§ **Source data**:
※ ※ ※

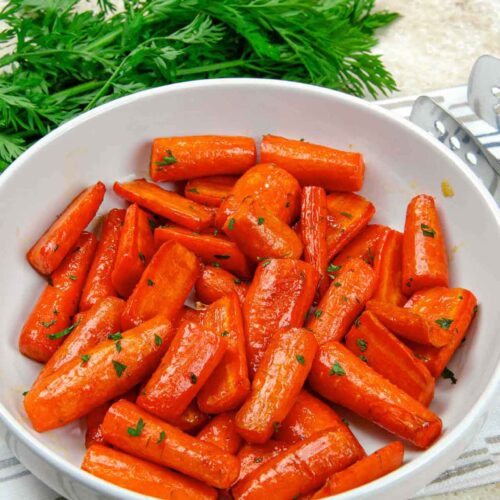 Air fryer carrots in a white bowl with carrot greens behind it.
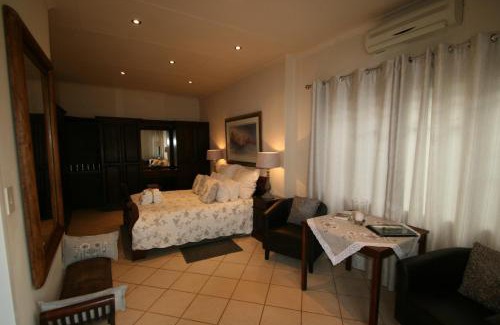 Piet Retief House | Discover Dusk to Dawn Guesthouse: 4-Star Family Retreat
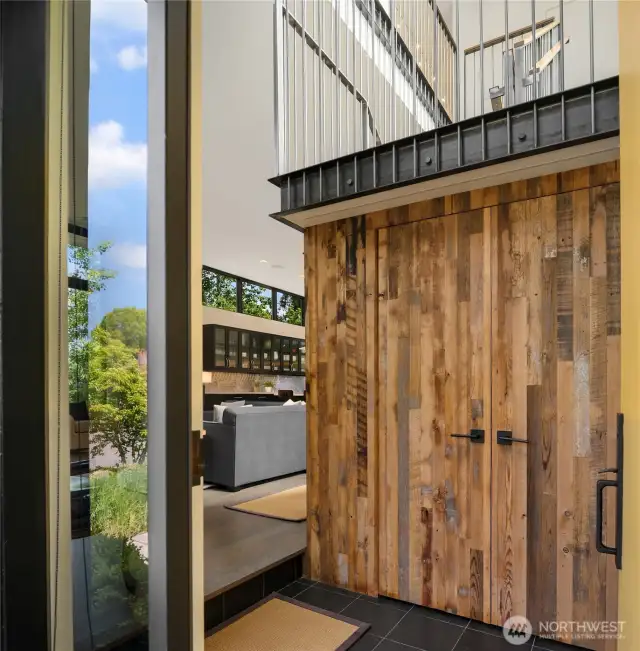 Upon entering the home you see the reclaimed wood accents & the steel staircase which add to the interesting use of textures...and the 12 foot ceilings which give this home the airy volume and light.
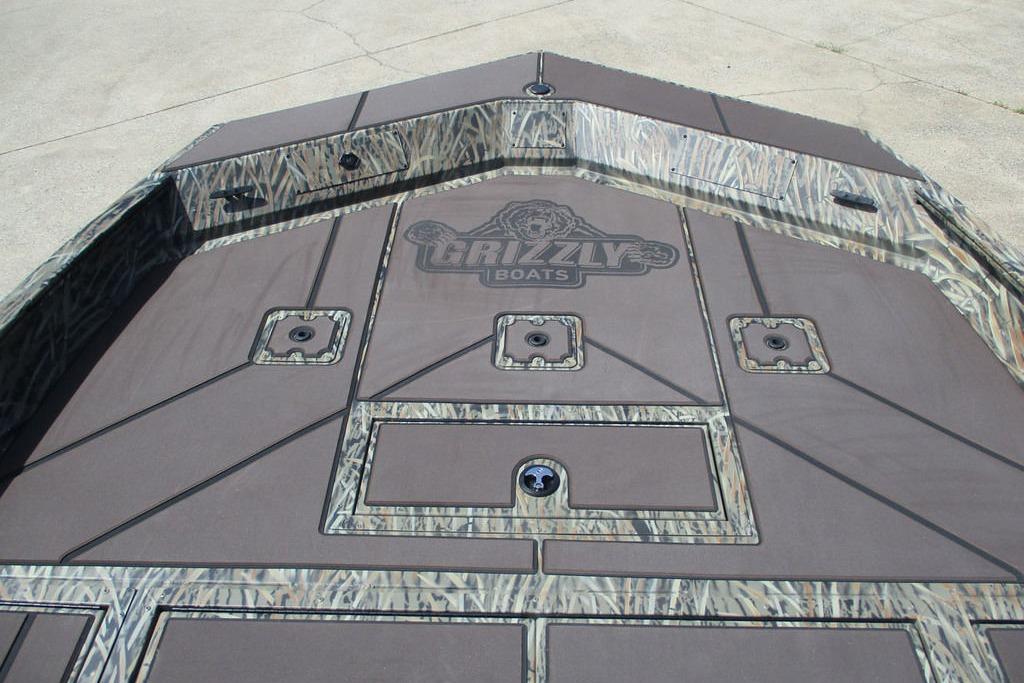 2026 Tracker Grizzly 2072 CC boat deck with camo pattern and storage compartments.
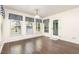 Well-lit dining area with hardwood floors and a door to the outside at 112 Avent Pines Ln, Holly Springs, NC 27540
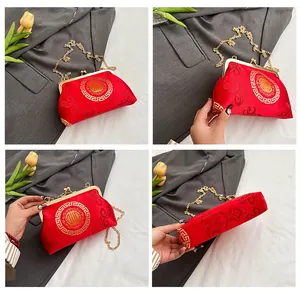 Detailed views of red satin shell bag with gold embroidery and metal chain strap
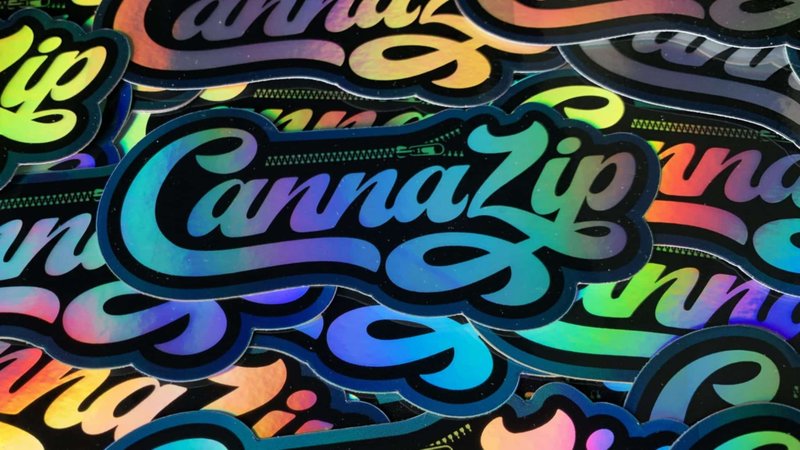 Holographic die-cut CannaZip labels showing packaging vendor consolidation for stickers, labels, and branded components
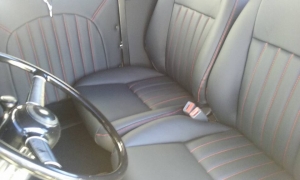Custom interior black leather with red stitching
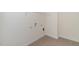 A functional laundry room featuring tile floors and washer/dryer hookups at 88 E Victory View Ter, Smithfield, NC 27577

※ ※ ※

§ **Task statement**:
Everything in the listing above must be restated word for word, except the images.

§ **Your response**:
 Air fryer carrots in a white bowl with carrot greens behind it.
 Piet Retief House | Discover Dusk to Dawn Guesthouse: 4-Star Family Retreat
 Upon entering the home you see the reclaimed wood accents & the steel staircase which add to the interesting use of textures...and the 12 foot ceilings which give this home the airy volume and light.
 2026 Tracker Grizzly 2072 CC boat deck with camo pattern and storage compartments.
 Well-lit dining area with hardwood floors and a door to the outside at 112 Avent Pines Ln, Holly Springs, NC 27540
 Detailed views of red satin shell bag with gold embroidery and metal chain strap
 Holographic die-cut CannaZip labels showing packaging vendor consolidation for stickers, labels, and branded components
Custom interior black leather with red stitching
 A functional laundry room featuring tile floors and washer/dryer hookups at 88 E Victory View Ter, Smithfield, NC 27577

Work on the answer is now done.